──────── DATA UNDER STUDY ────────

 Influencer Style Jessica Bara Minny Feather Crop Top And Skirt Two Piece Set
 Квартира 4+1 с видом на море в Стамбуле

────────
──────── DATA UNDER STUDY ────────

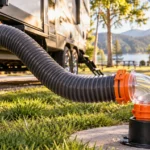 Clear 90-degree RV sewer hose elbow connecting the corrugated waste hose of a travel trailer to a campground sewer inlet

────────
──────── DATA UNDER STUDY ────────

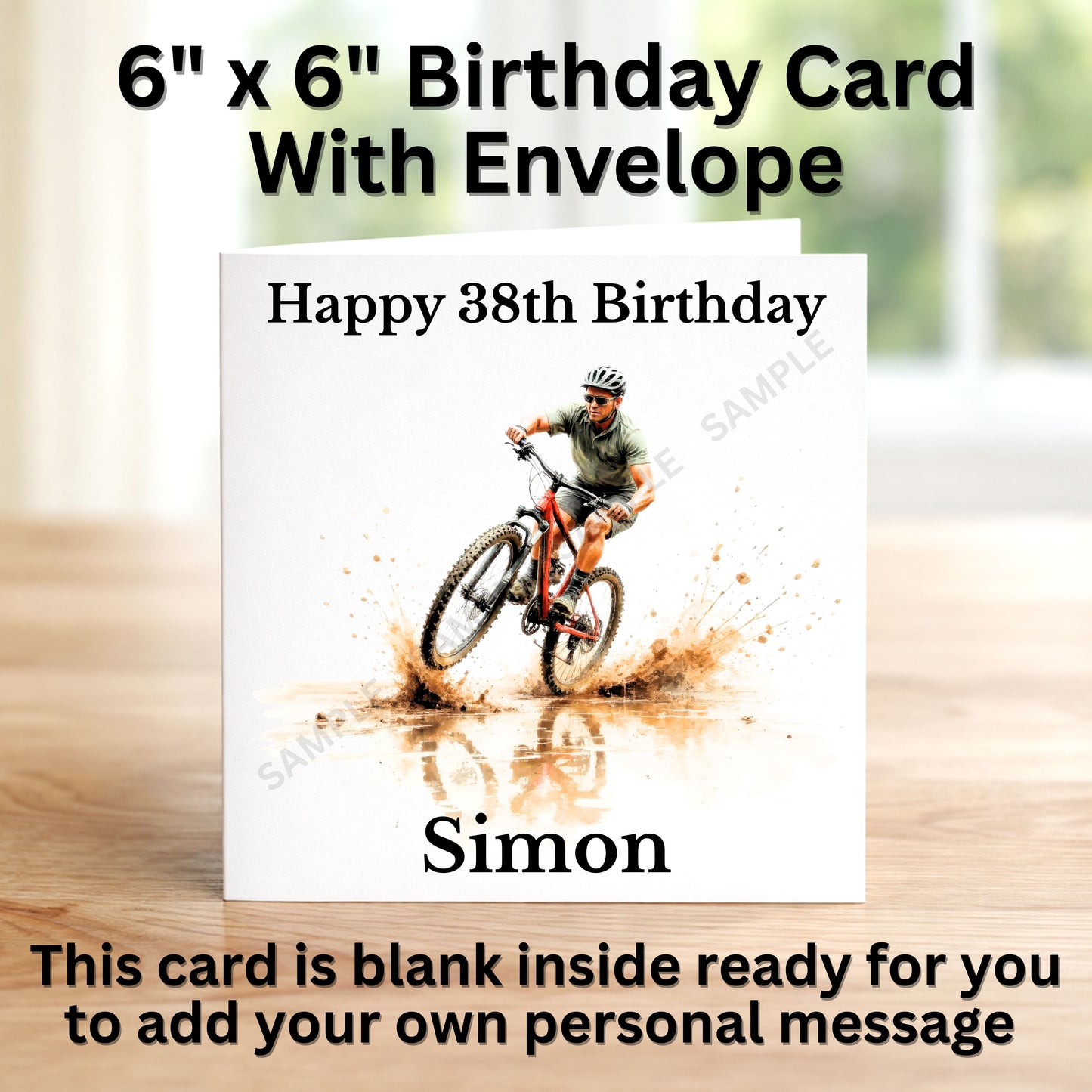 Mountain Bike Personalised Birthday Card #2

────────

• PROBLEM: Could you set down, word for word, only the lines above from the line with "Influencer Style Jessica" to the line with "Квартира 4+1 с видом на море в Стамбуле", including both?

• WRITTEN ANSWER:
 Influencer Style Jessica Bara Minny Feather Crop Top And Skirt Two Piece Set
 Квартира 4+1 с видом на море в Стамбуле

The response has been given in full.